**Supplied data**
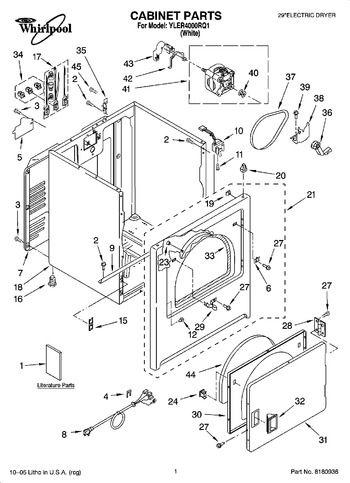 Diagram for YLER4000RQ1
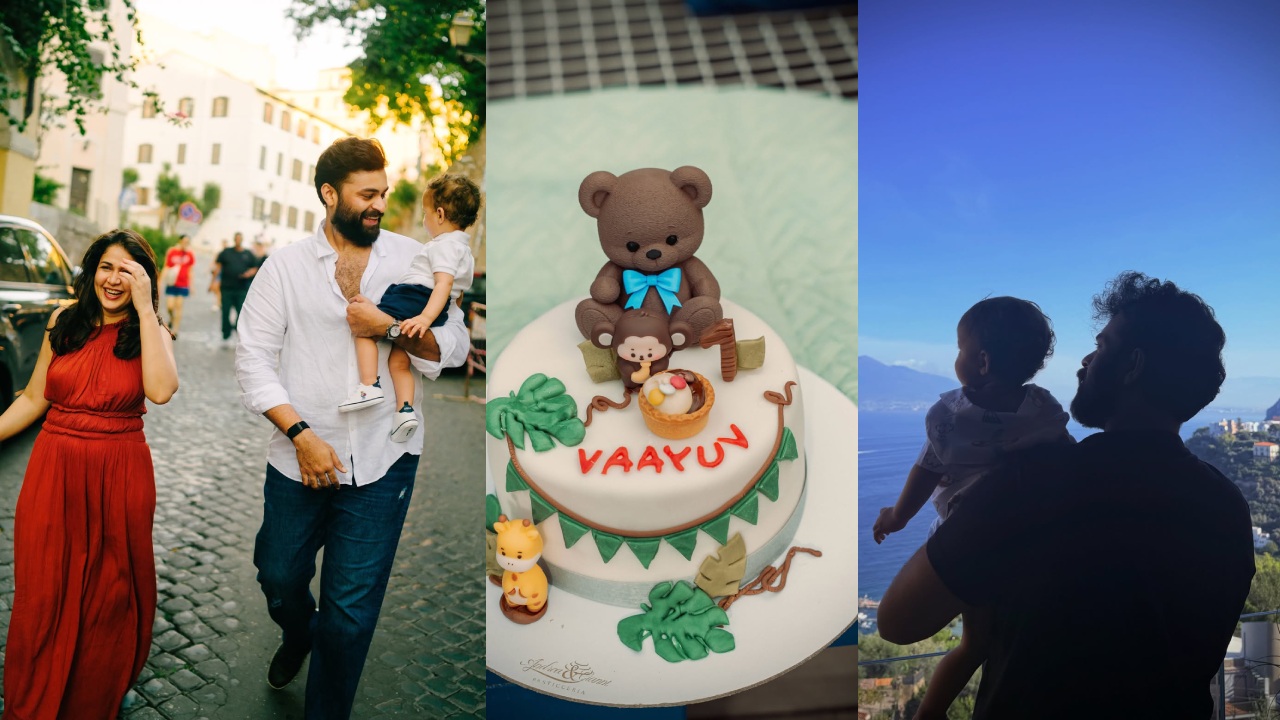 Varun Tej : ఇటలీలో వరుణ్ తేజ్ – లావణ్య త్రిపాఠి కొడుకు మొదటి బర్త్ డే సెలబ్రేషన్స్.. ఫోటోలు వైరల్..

* * *

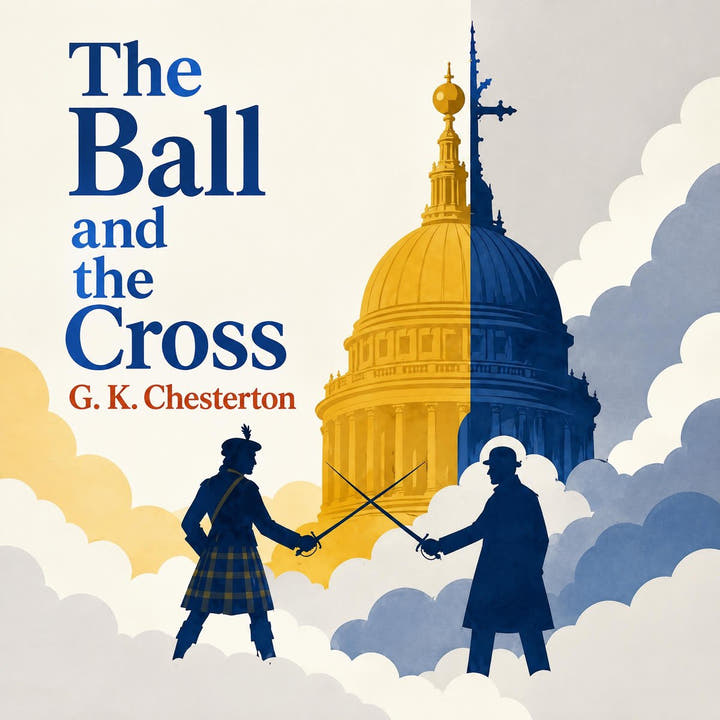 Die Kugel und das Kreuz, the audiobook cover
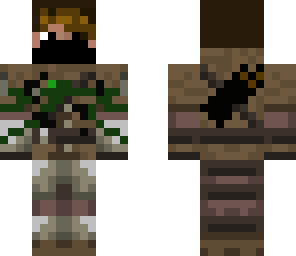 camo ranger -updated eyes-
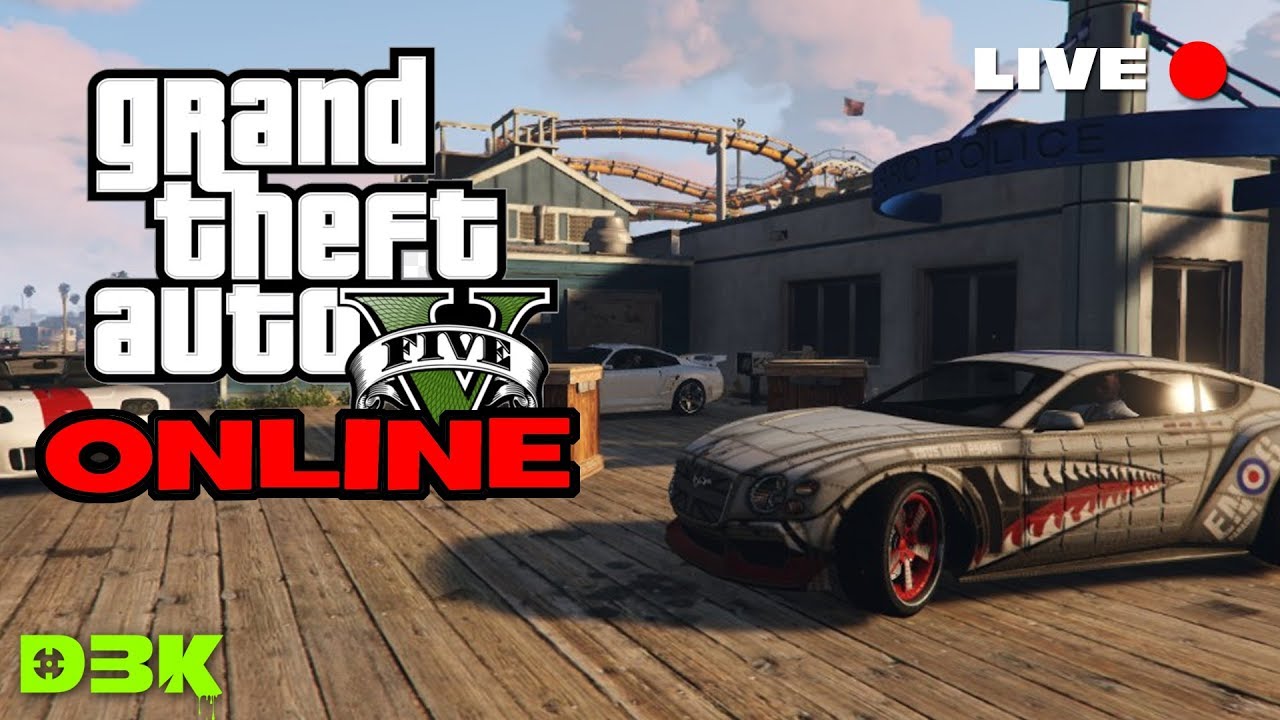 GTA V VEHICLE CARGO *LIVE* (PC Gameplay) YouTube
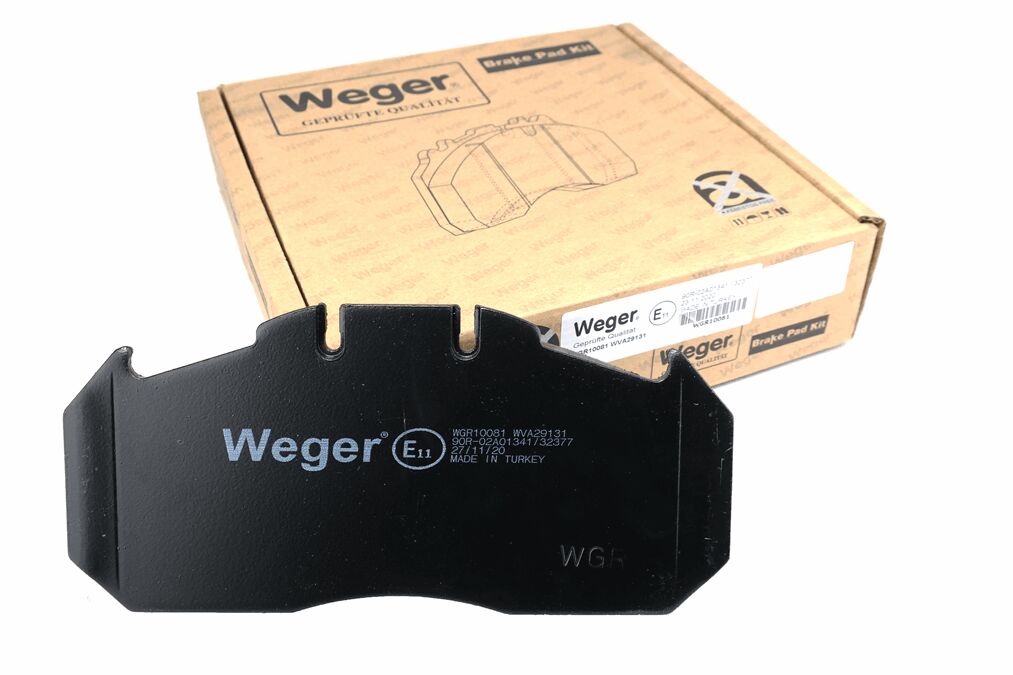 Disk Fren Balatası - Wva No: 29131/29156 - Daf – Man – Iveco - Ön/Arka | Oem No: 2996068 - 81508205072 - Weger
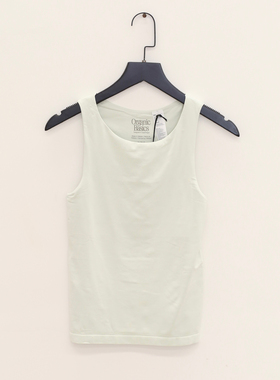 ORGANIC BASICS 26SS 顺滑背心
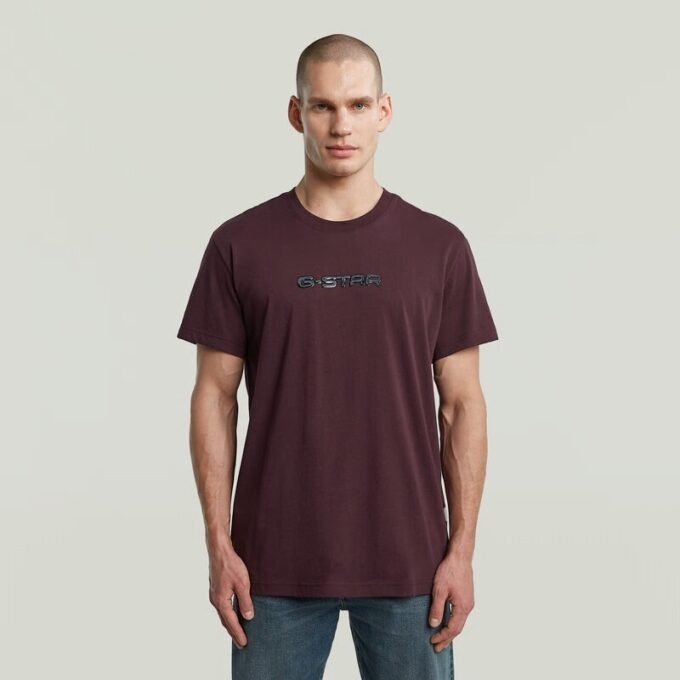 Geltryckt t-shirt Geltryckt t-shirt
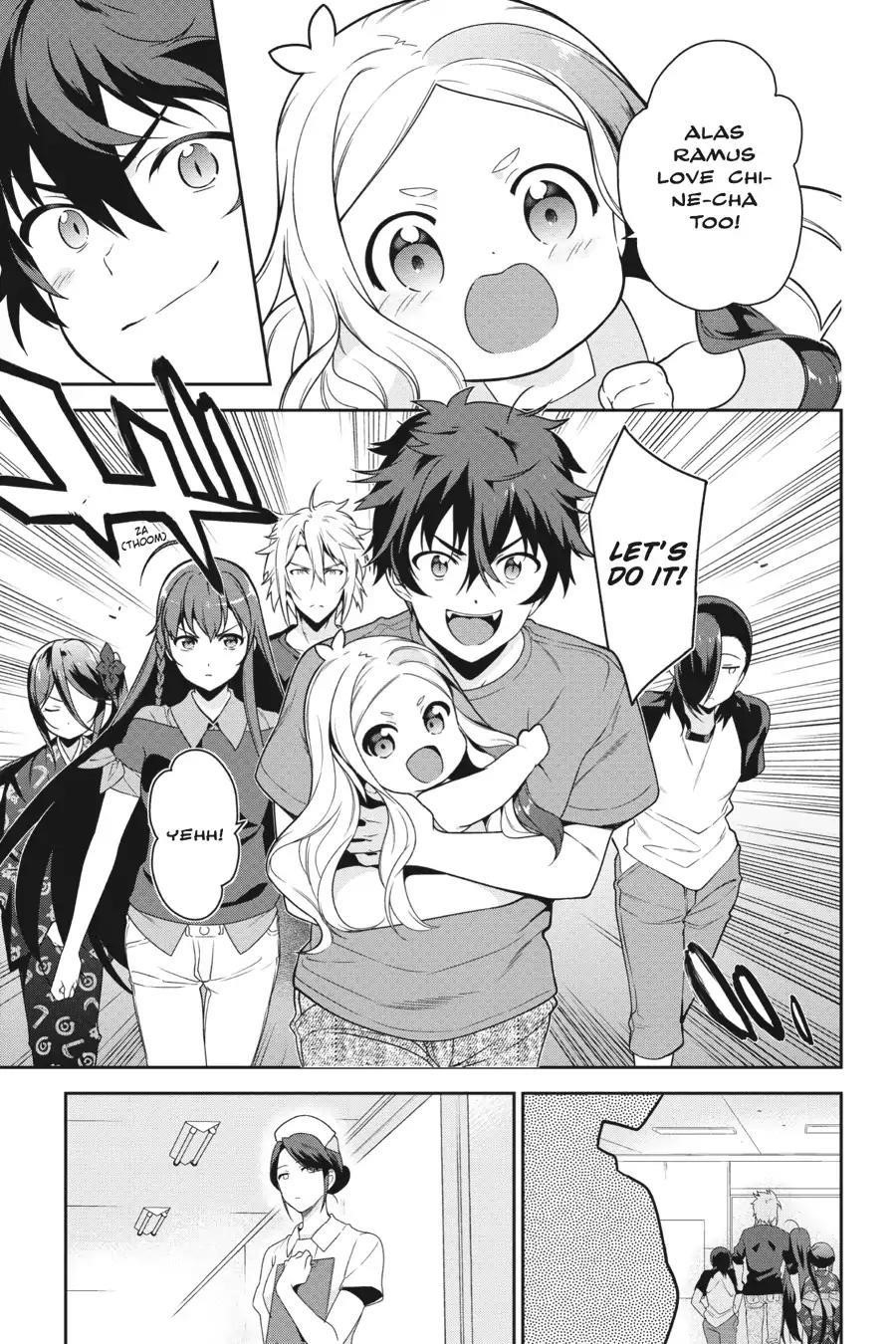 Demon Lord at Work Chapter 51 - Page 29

--

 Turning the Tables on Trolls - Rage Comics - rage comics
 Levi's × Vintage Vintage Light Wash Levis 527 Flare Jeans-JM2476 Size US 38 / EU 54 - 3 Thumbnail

**Work to complete**
Using the data above, output the line that has "Diagram for YLER4000RQ1", the line that has "Varun Tej : ఇటలీలో", and whatever lines fall between, each exactly as it stands and without pictures.

**Task result**
 Diagram for YLER4000RQ1
 Varun Tej : ఇటలీలో వరుణ్ తేజ్ – లావణ్య త్రిపాఠి కొడుకు మొదటి బర్త్ డే సెలబ్రేషన్స్.. ఫోటోలు వైరల్..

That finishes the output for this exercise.